Circo, de Lamia Chraibi
« Je me vois faire de l'anneau. Le cirque est plein. Plein de gens, plein d'amis. Beaucoup d'applaudissements et de cris. Je me vois faire de l'acrobatie aussi. Les gens deviennent fous, crient mon nom. À ce moment précis, si je le permets, un esprit descendra de mon corps. C'est sûr. »
Avec Circo, la réalisatrice Lamia Chraibi visite ce que son sujet voit quand il ferme les yeux.
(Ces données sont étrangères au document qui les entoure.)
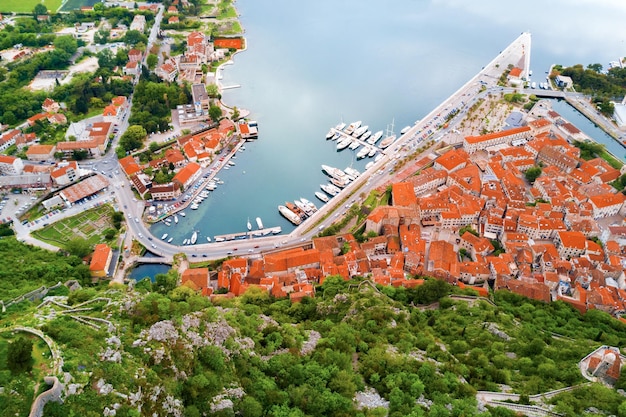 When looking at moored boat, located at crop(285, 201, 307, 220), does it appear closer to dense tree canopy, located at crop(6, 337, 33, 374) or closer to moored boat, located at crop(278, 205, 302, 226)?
moored boat, located at crop(278, 205, 302, 226)

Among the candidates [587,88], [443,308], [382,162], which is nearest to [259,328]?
[443,308]

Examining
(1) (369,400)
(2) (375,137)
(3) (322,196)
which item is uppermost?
(2) (375,137)

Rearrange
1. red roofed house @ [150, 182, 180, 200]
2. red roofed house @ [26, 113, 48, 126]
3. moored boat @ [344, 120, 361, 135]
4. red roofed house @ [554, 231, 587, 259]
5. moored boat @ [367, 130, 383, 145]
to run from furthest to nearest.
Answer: moored boat @ [344, 120, 361, 135]
moored boat @ [367, 130, 383, 145]
red roofed house @ [26, 113, 48, 126]
red roofed house @ [150, 182, 180, 200]
red roofed house @ [554, 231, 587, 259]

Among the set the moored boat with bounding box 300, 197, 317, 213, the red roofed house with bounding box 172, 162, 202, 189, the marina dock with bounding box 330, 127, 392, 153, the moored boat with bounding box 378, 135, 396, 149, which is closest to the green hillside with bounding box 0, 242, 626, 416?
the moored boat with bounding box 300, 197, 317, 213

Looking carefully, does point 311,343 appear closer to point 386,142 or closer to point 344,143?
point 344,143

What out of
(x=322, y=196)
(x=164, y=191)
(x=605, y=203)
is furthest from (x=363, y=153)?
(x=605, y=203)

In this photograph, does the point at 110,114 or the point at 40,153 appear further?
the point at 110,114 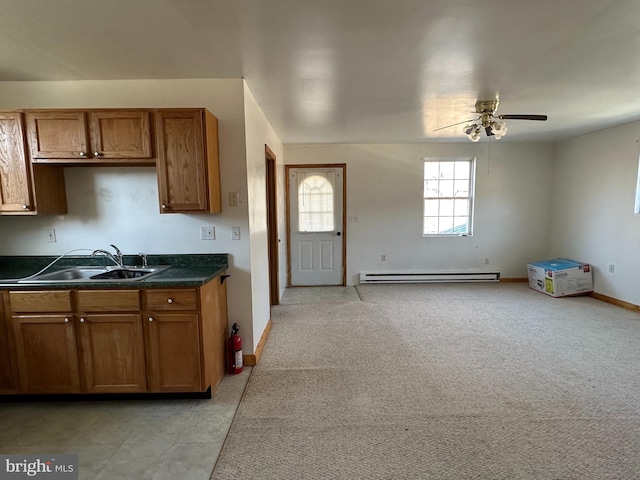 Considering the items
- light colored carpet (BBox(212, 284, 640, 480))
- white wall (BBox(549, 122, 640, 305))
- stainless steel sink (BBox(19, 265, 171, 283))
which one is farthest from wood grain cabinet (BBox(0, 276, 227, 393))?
white wall (BBox(549, 122, 640, 305))

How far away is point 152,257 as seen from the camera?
2.46 metres

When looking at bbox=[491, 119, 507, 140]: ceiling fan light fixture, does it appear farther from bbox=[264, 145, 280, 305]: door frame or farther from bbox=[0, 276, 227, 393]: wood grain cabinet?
bbox=[0, 276, 227, 393]: wood grain cabinet

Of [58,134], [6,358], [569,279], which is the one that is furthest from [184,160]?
[569,279]

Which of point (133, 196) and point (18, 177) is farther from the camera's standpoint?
point (133, 196)

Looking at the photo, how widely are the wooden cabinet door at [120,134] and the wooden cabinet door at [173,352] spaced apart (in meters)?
1.18

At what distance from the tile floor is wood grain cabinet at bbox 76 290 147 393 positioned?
0.17 meters

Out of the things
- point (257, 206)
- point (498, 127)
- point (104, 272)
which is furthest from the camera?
point (498, 127)

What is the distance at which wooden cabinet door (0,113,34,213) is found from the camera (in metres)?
2.10

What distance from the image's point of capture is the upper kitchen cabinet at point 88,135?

Tourné sur sept ans dans une favela de Rio de Janeiro, son documentaire suit Richard Gomes Estrela – maintenant Ashilla Gomes Estrela –, jeune artiste de 20 ans au passé marqué par les traumatismes, alors qu'il est mis à la porte par sa mère adoptive et livré à lui-même.
Richard trouve un havre dans un cirque social, où il s'adonne rigoureusement à la pratique du trapèze. La caméra capte avec justesse les mouvements de son corps suspendu, dans des images hypnotisantes. « Ne te laisse pas distraire par le doute, l'incertitude, l'étonnement, la peur. Maintenant, le mot clé est fluidité. Le mot clé est eau, comme l'eau qui coule », lui dit son coach pendant un entraînement. Ses quêtes se répondent, comme les deux partenaires d'une danse captivante.
La transition du protagoniste n'était pas anticipée par la cinéaste au départ. C'est avec une grande délicatesse que Chraibi a filmé ce processus, sans jamais rien forcer, sans intervenir. Son cinéma est direct, sans voix hors champ ni mise en scène artificielle, mais il est toujours esthétiquement intéressant. Elle entre dans l'intimité de son sujet, témoin de ses moments de doute, de détresse, mais aussi de joie. Le film devient alors un espace d'autoréflexion, incarnant ce qu'il y a de plus touchant dans le cinéma queer.
Les scènes de performances de cirque et de drag ou les moments d'euphorie de genre viennent ponctuer le réel de fulgurances flamboyantes. Elles offrent un contrepoint onirique et exaltant aux difficultés vécues. Dans une scène visuellement saisissante, filmée en légère contre-plongée, Richard marche dans la rue vêtu d'une robe étincelante, d'une perruque de jais et de bijoux argentés – une apparition, une déclaration d'existence.
Mais Circo ne fait pas l'économie de la douleur. Une scène glaçante donne la parole à la mère adoptive, qui explique pourquoi et comment elle a recueilli (puis rejeté) Richard. Le récit, tragique, éclaire en creux les fractures sociales et affectives dont souffrent tant de personnes.
Circo est un documentaire profondément humain, qui balance entre cris et silences, entre confessions bouleversantes et rituels exaltants. Il a la grande qualité d'émouvoir au point de ne penser à rien d'autre le temps du visionnement.
En salle au Cinéma Beaubien, à la Cinémathèque québécoise et au Cinéma Public.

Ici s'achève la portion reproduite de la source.